No siempre iba hacia estos suburbios; también visitaba los parques próximos y los bulevares exteriores, en este ambiente de languidez del verano parisiense. En los parques, las parejas se besaban delante del paseante con una cierta tendencia exhibicionista; en las terrazas de bares y cafés, la gente discutía, y los domingos por la noche, los grupos cantaban al volver a sus casas. Yo tenía el espíritu deprimido como un paisaje árido de rocas grises y secas.

Entre Gentilly y Montrouge, además de las calles con casas altas, vulgares y corrientes, había barriadas como aldeas, hechas con chozas y casetas de madera, limitadas con filas de estacas. En estas aldeas vivían extranjeros pobres, que tenían un aire más desesperado y más sucio que en sus propios países.

«Probablemente —pensaba yo—, la miseria es más dura con la humedad y el mal tiempo que con el sol. Se comprende que ser pobre en los pueblos del Mediodía no tiene las proporciones que el serlo en los países del Norte.»

La vuelta de las gentes hacia sus casas los domingos, al anochecer, me parecía lamentable. El padre y la madre, disputando con acritud; el niño o la niña, cansados, y el chiquitín, dormido en el cochecito.

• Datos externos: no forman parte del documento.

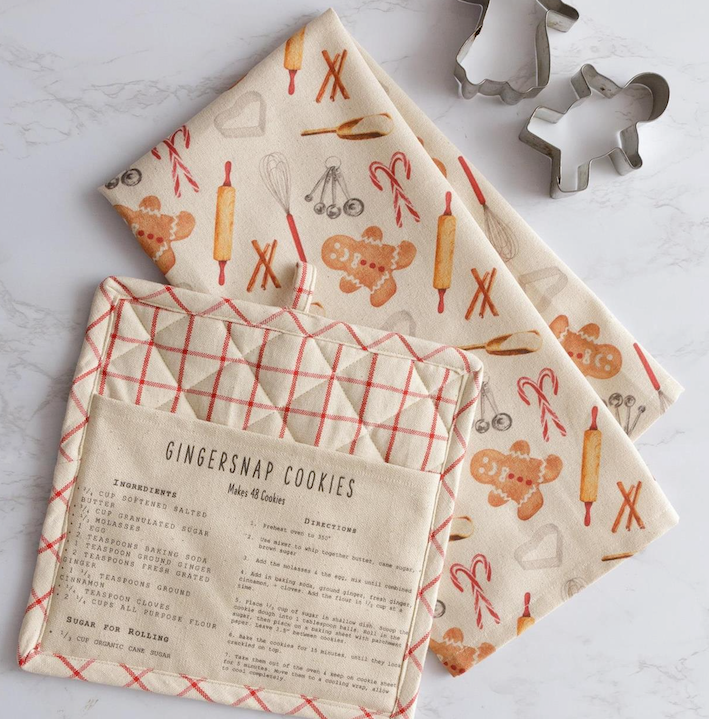 Gingersnap Pot Holder & Towel Set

«La verdad es que nuestra vida es pobre e inútil», me decía.

Los días de fiesta, en estas grandes ciudades como París, a pesar del sol estival, no tienen nada de alegres. La familia burguesa que sale a la calle lleva aire de mal humor; el hombre comprende, más o menos claramente, que el día de labor, entre su despacho y su café, está más entretenido; la mujer lleva un aire agrio y displicente; la chica va con más gusto sola a la escuela con sus amigas, y el chico levanta la nariz para soltar bromas impertinentes. Se ve que entre ellos no se dicen cosas amables. Todas las ocurrencias del chico, que tiene aire de pillo y de burlón, molestan a la familia. Señala lo desagradable: el borracho, la vieja pintada, el jorobado, el señor con una nariz deforme. Cuando vuelven, vienen todos riñendo.

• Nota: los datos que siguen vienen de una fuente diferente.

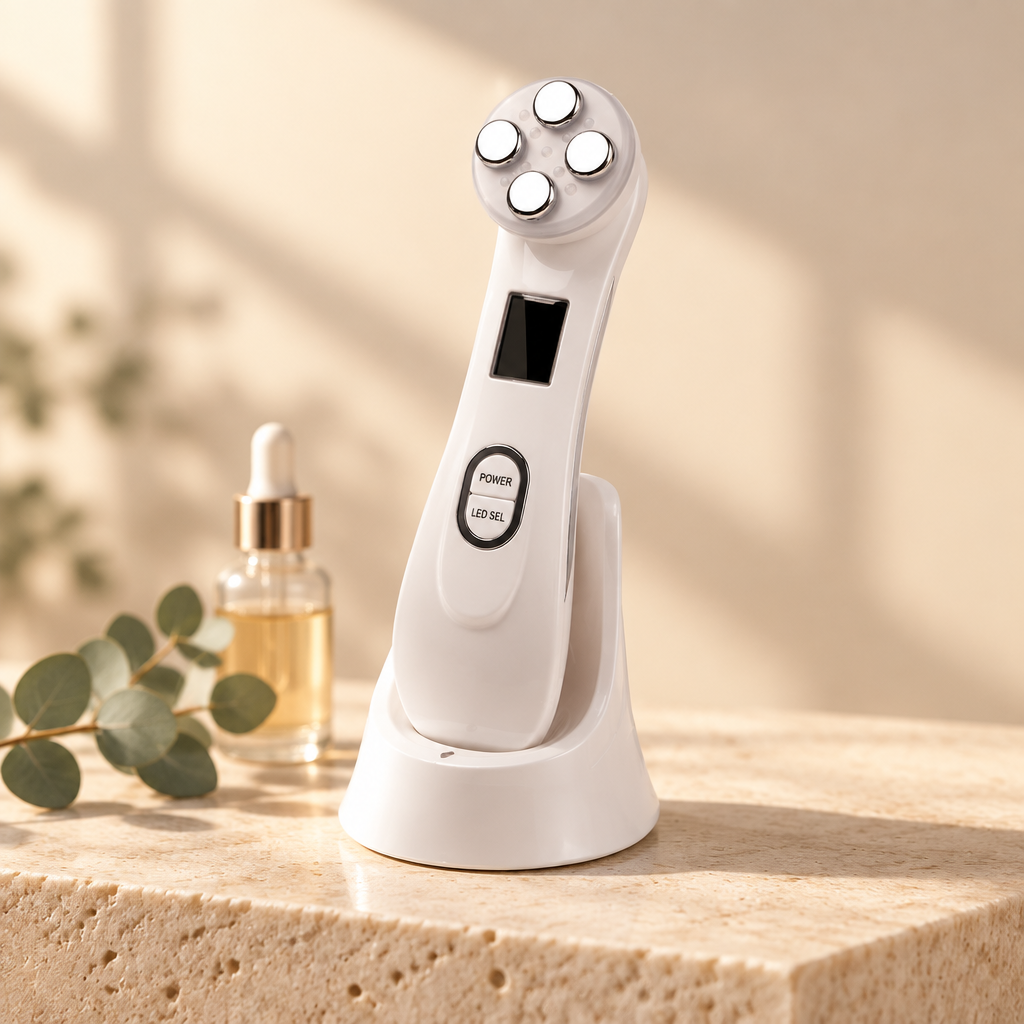 Lift 5-in-1 RF & LED firming device in Pearl White on a travertine stone, soft evening light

Al retirarme a casa, de noche, veía en los bancos del parque de Montsouris parejas que se estrujaban y se besaban. Luego oía la señal del guardián que avisaba, tocando una campana, que se iba a cerrar el recinto. Parecía el esquilón de una ermita perdida en el campo.

Una impresión de aldea que me gustaba era ver pasar a un cabrero con sus cabras por el bulevar Jourdan. Algunas se ponían en dos patas para morder las enredaderas de las tapias de la Ciudad Universitaria, y otras comían tranquilamente un pedazo de periódico viejo.